All the shallow thinkers seemed to draw from Vietnam was that the brave military could have "won" that war, had not the craven, cowardly, hate-America-first media not stabbed them in the back.
So in our most recent misadventure in Iraq, the military set out from the outset to muzzle, coerce, co-opt and neuter the media. That was Job One, and they spent billions of dollars and millions of man-hours making sure that their talking points were crammed down the throats of any media outlet. The recent NY Times investigation revealed just how much all the "analysts" were being fed useless, false and ultimately harmful propaganda.
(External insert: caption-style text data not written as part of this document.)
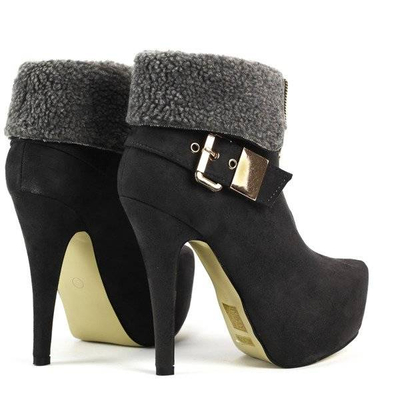 OUTLET Suede Booties Pin with sheepskin - Shoes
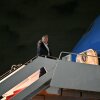 President Trump boards Air Force One before departing Joint Base Andrews in Maryland to fly to Evian-les-Bains, France, for the G7 summit on Monday.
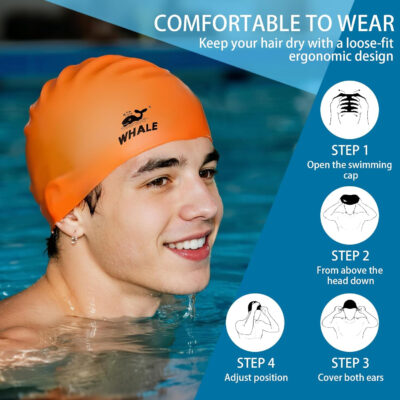 Silicone Swim Cap - Waterproof Non-Slip High Elasticity - Keeps Hair Dry Perfect for Men and Women Large Swimming Cap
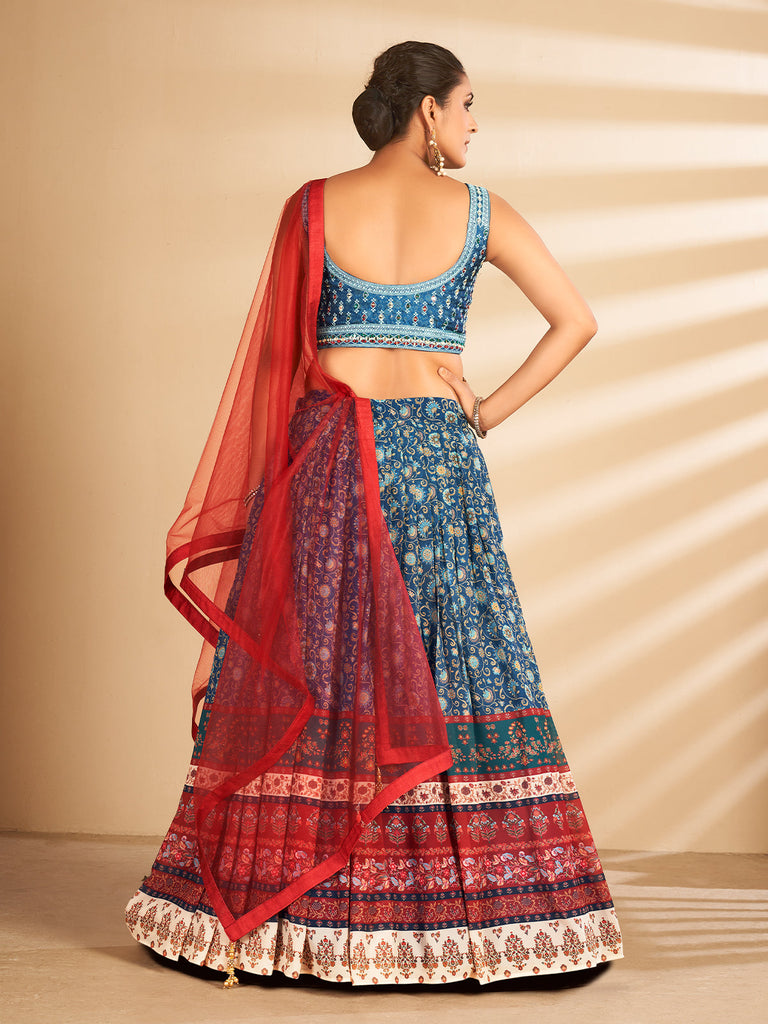 Multicolor Printed, Handwork Art Silk Semi Stitched Lehenga With Unstitched Blouse Clothsvilla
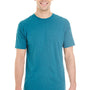 Jerzees Mens Short Sleeve Crewneck T-Shirt - Heather Mosaic Blue - Closeout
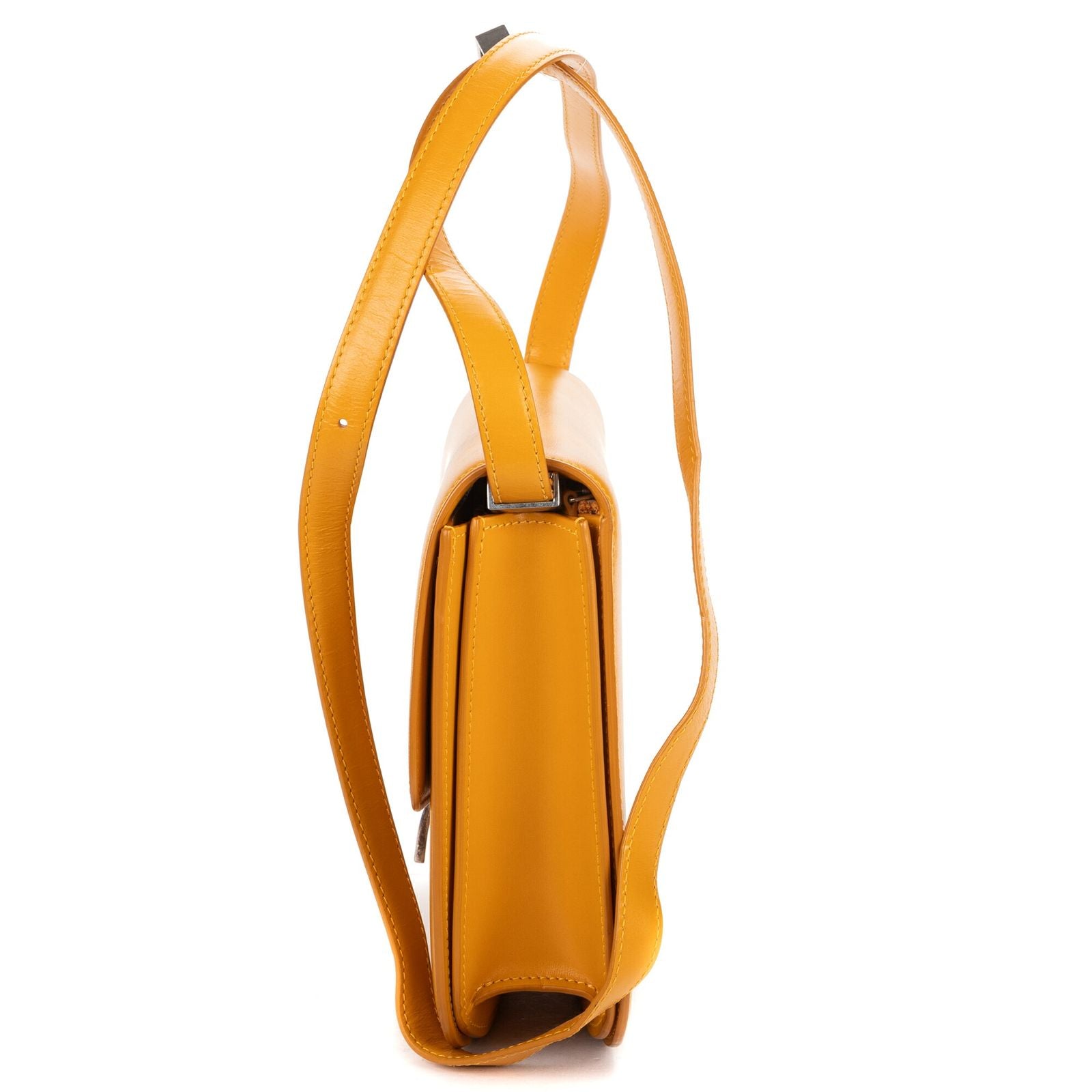 Celine Medium Classic Box Dark Yellow Smooth Calfskin — view 3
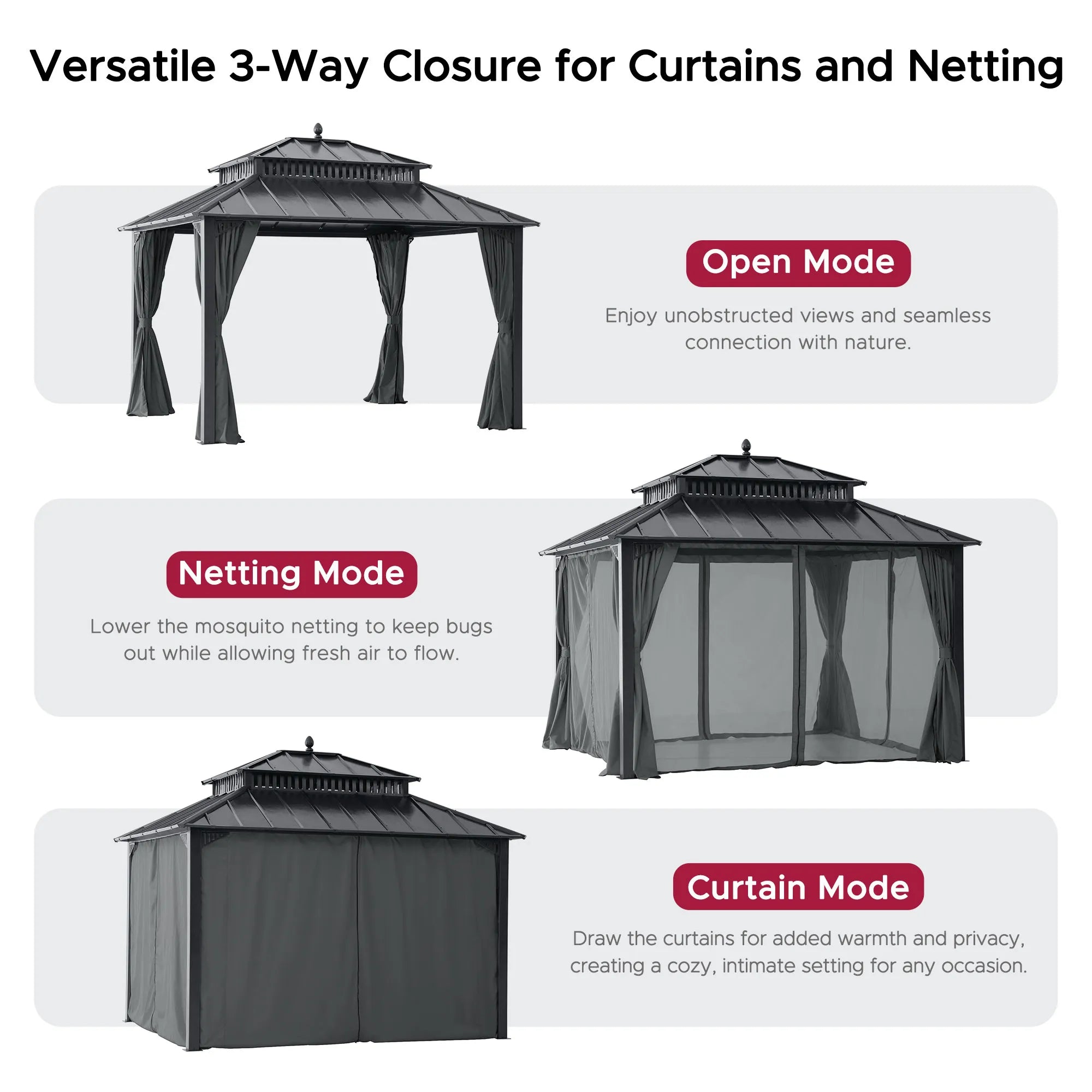 SUNJOY Kingston 12x10 Gazebo with Netting & Curtain | Steel Roof - Gray Aluminum Posts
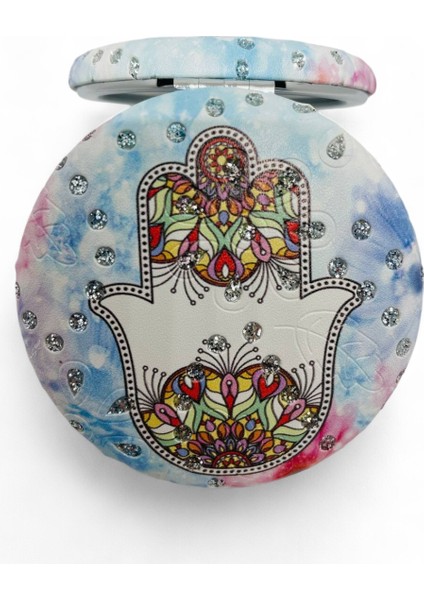 Galata Gift Cep Çanta Makyaj Aynası Şık Desenli Taşlı Çift Taraflı Yuvarlak 7 cm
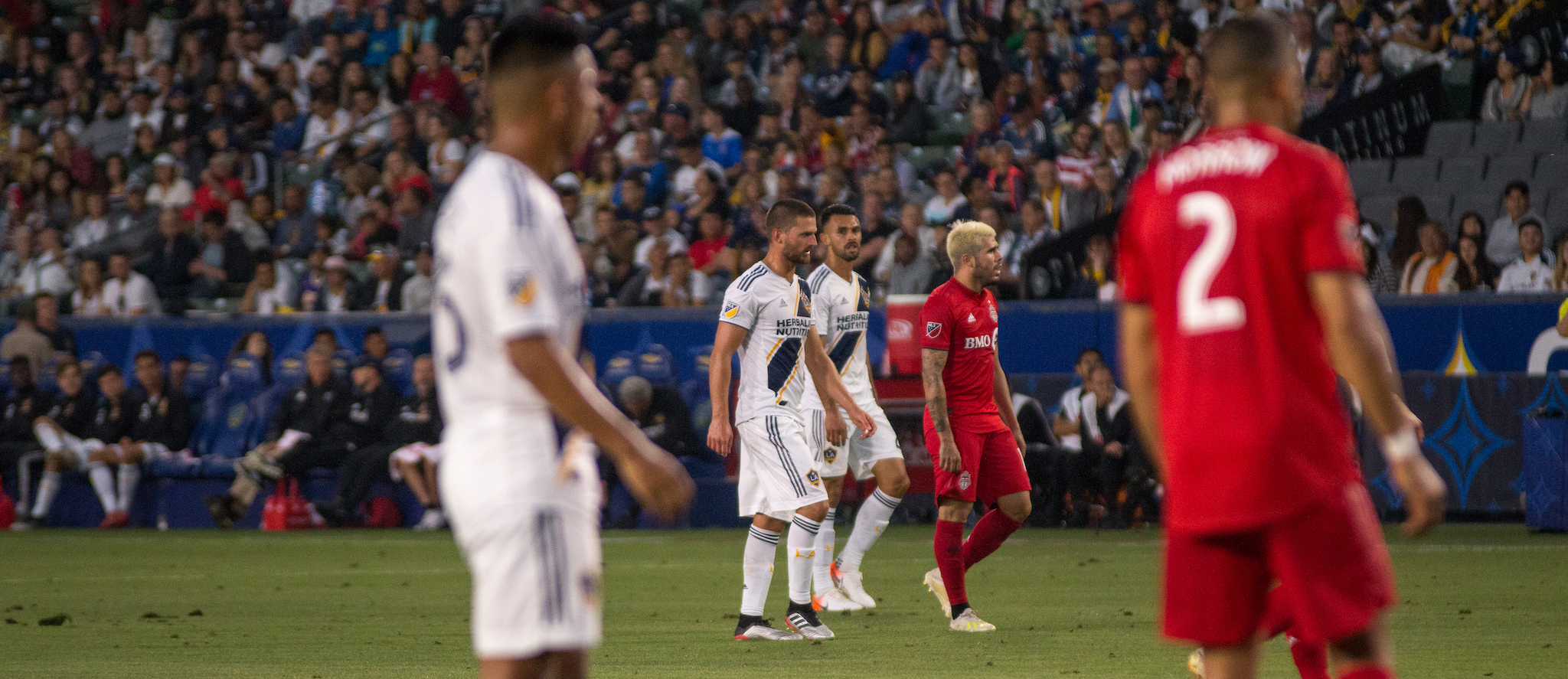 Efrain Alvarez, Perry Kitchen, and Giancarlo Gonzalez all play for the LA Galaxy against Toronto FC on July 4, 2019 -- Photo by Brittany Campbell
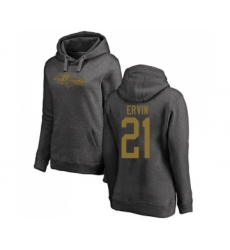 Football Women's Baltimore Ravens #21 Tyler Ervin Ash One Color Pullover Hoodie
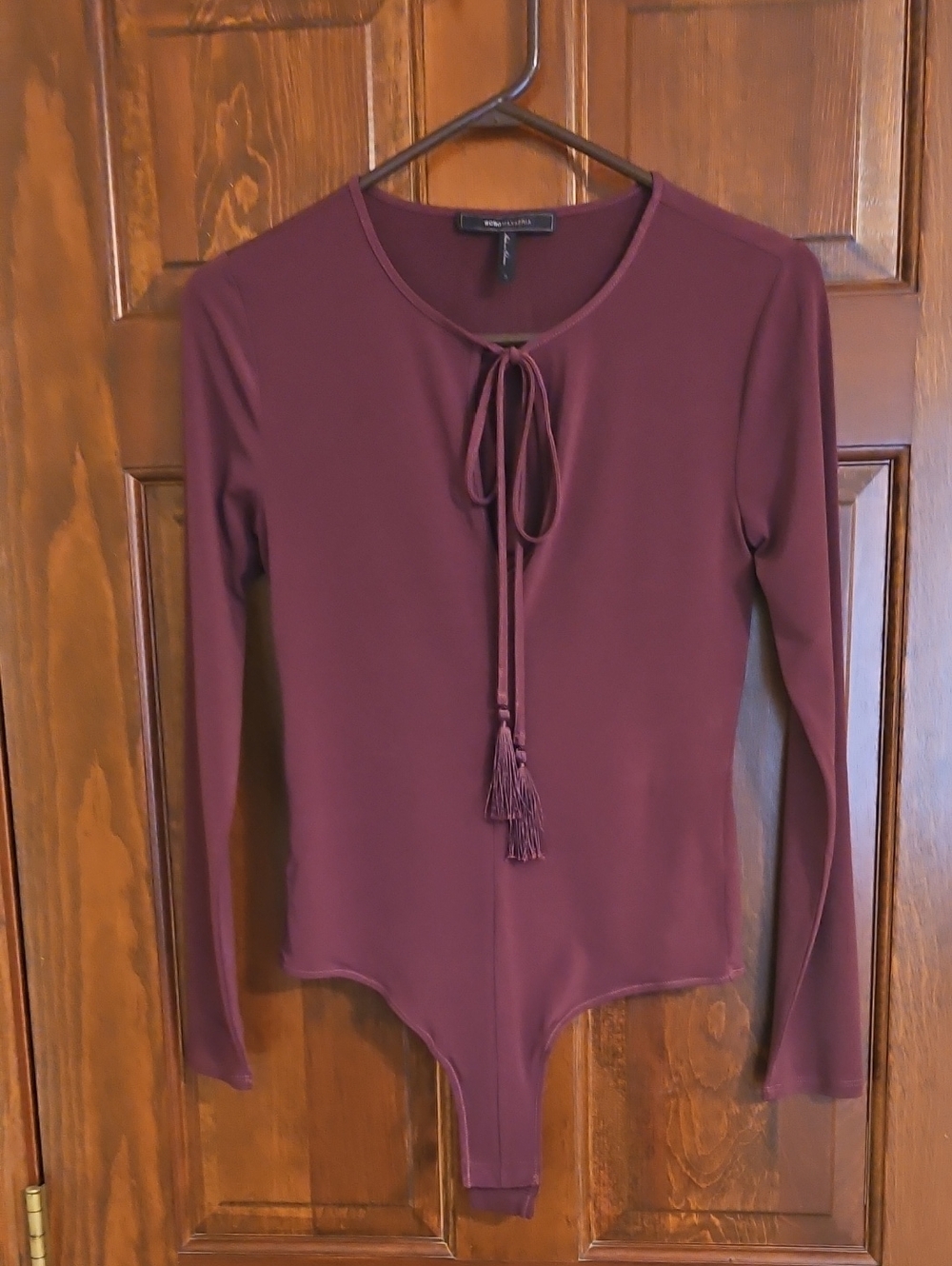 BCBGMaxAzria Maroon Tie-Front Long-Sleeve Bodysuit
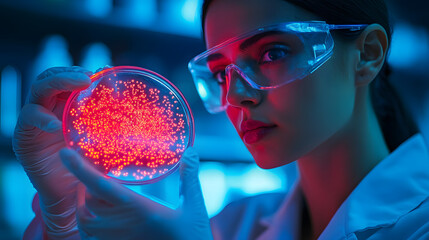 Science of Discovery: A dedicated female scientist in a high-tech laboratory examines a glowing petri dish containing a culture, reflecting her focus and commitment.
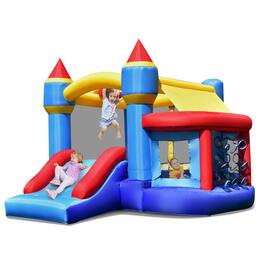 Costway - InflatableBounce House Castle Slide Bouncer Kids Shooting Net/Without Blower - Multicolor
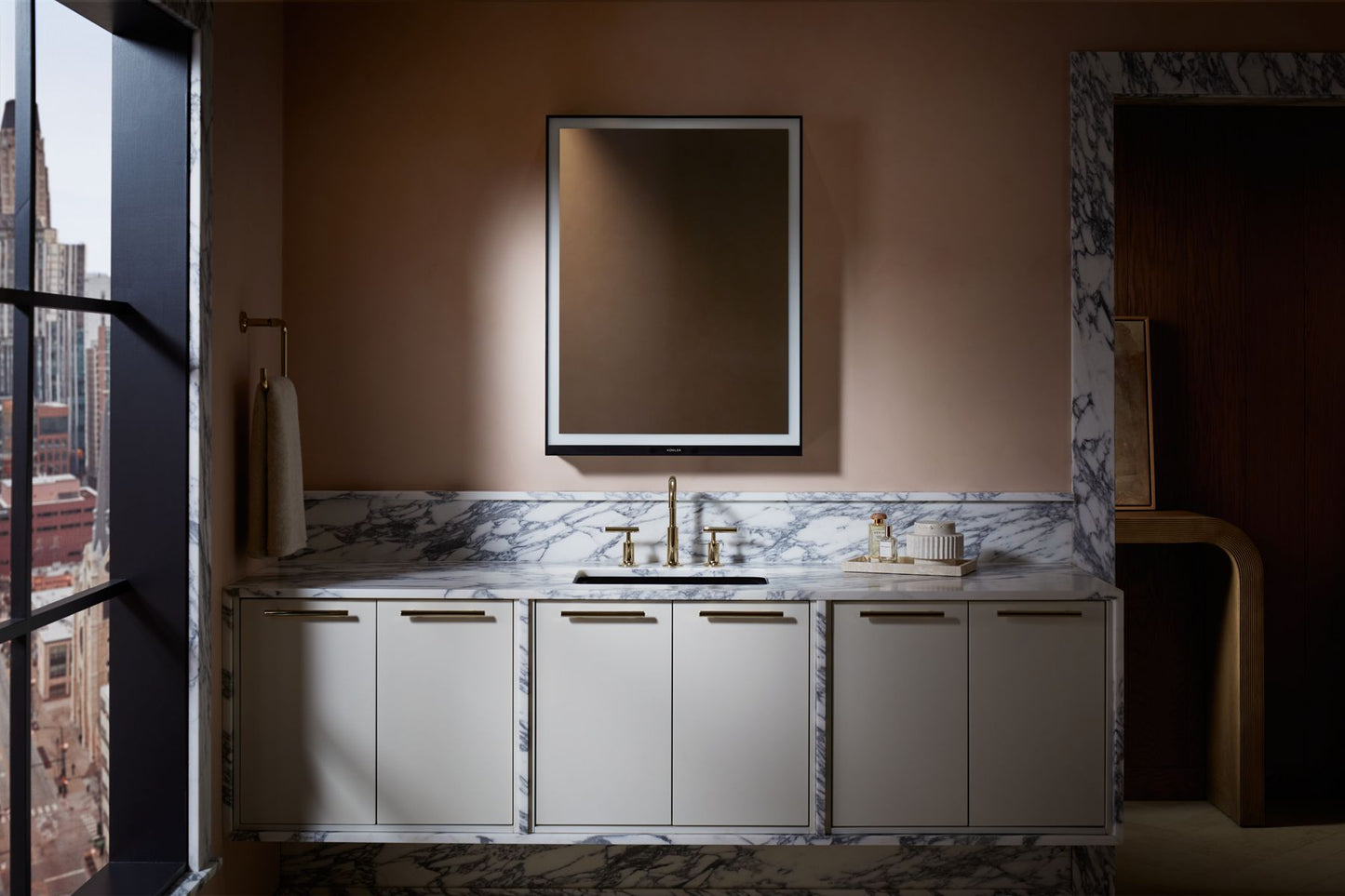 KOHLER K-33690-R Collage 24" x 32" lighted framed medicine cabinet, right-hinged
In a recent Miami Herald article, Ed Wasserman convincingly argues that the media is going to have to self-police to rid itself of hacks disguised as objective, independent observers:
Some of the analysts confessed that to avoid displeasing their Pentagon patrons they choked back misgivings they had about administration claims of steady military gains.
One Fox News analyst came back from a trip and told his viewers, ”You can’t believe
the progress.” Actually, he told The Times, “I saw immediately in 2003 that things were going south.”The report is based on 8,000 pages of documents that the administration spent two years fighting demands to disclose. It describes a cozy arrangement involving more than 75 retired military who consulted for Fox News, NBC, CNN and other networks with round-the-clock cable operations. Few of those operations made much effort to find out whether their analysts were benefiting from the policies they zealously defended.
It’s true, as Glenn Greenwald wrote on Salon, that “news organizations were hardly unaware that these retired generals were mindlessly reciting the administration
line on the war and related matters. To the contrary, that’s precisely
why our news organizations turned to them in the first place.”
Here’s a line of thinking – I hesitate to use the word "fact," since the Pentagon and the current administration have so discredited even the concept of "facts" – that I hope some of the brighter minds in the military arrive at: all the relentless bright & happy talk, the insistence on "progress is being made," the demands to blindly support our troops, the devotion to this vision of the U.S. military as an "Ever-Victorious Army," wreathed in golden glory, incapable of making a mistake …
…all that propaganda and denial of tough examination of exactly what was going on, where we were headed …
… that effort to castrate the media and control the message is what is going to ultimately going to be responsible for the disaster in Iraq. I talked last night to a formerly wild-eyed right-winger, who works with/for/in the military, and he admitted that it’s just a matter of time before we have the helicopters taking off from the roof of the U.S. Embassy in Baghdad, just like Saigon in ’75.
If the military had acknowledged in the years 2003-2006 that perhaps things were not quite going exactly according to plan, that there were flaws in the Great Sacred Rumsfeld’s Master Plan, then perhaps, hmmm, I dunno, adjustments could have been made to that plan. Adjustments that have since been made.
Adjustments that would have saved American lives. Adjustments that would have stemmed or even reversed the disintegration of Iraqi society that has led us to the dead end where we now find ourselves.
Truthful reports in the media would have put pressure on the politicians above to change the plan rather than the insistence on "staying the course" despite the (OK, I’ll say it) fact that course was heading right straight off the cliff.
Here’s a last quote, ringing out from the lessons that should have been learned – were learned by Colin Powell, since he was in Vietnam, ignored by Cheney and Bush since they were not:
The armed forces contributed to their own defeat in Vietnam ”by fighting the war they wanted to fight rather than the one at hand.”
(snip)
In the end it all boils down to one question: Could we have won a military victory in Vietnam? Record’s answer is: Yes, but not at any price even remotely acceptable to the American people.
One thoughtful former infantry battalion commander told me he had reflected long and
hard about what would have resulted from unlimited war, including an invasion of North Vietnam: ”We could have won a military victory without question. But today my sons and yours would still be garrisoning Vietnam and fighting and dying in an unending guerrilla
war.” The war was ours to lose, and we did; it was for the South Vietnamese to win, and they could not.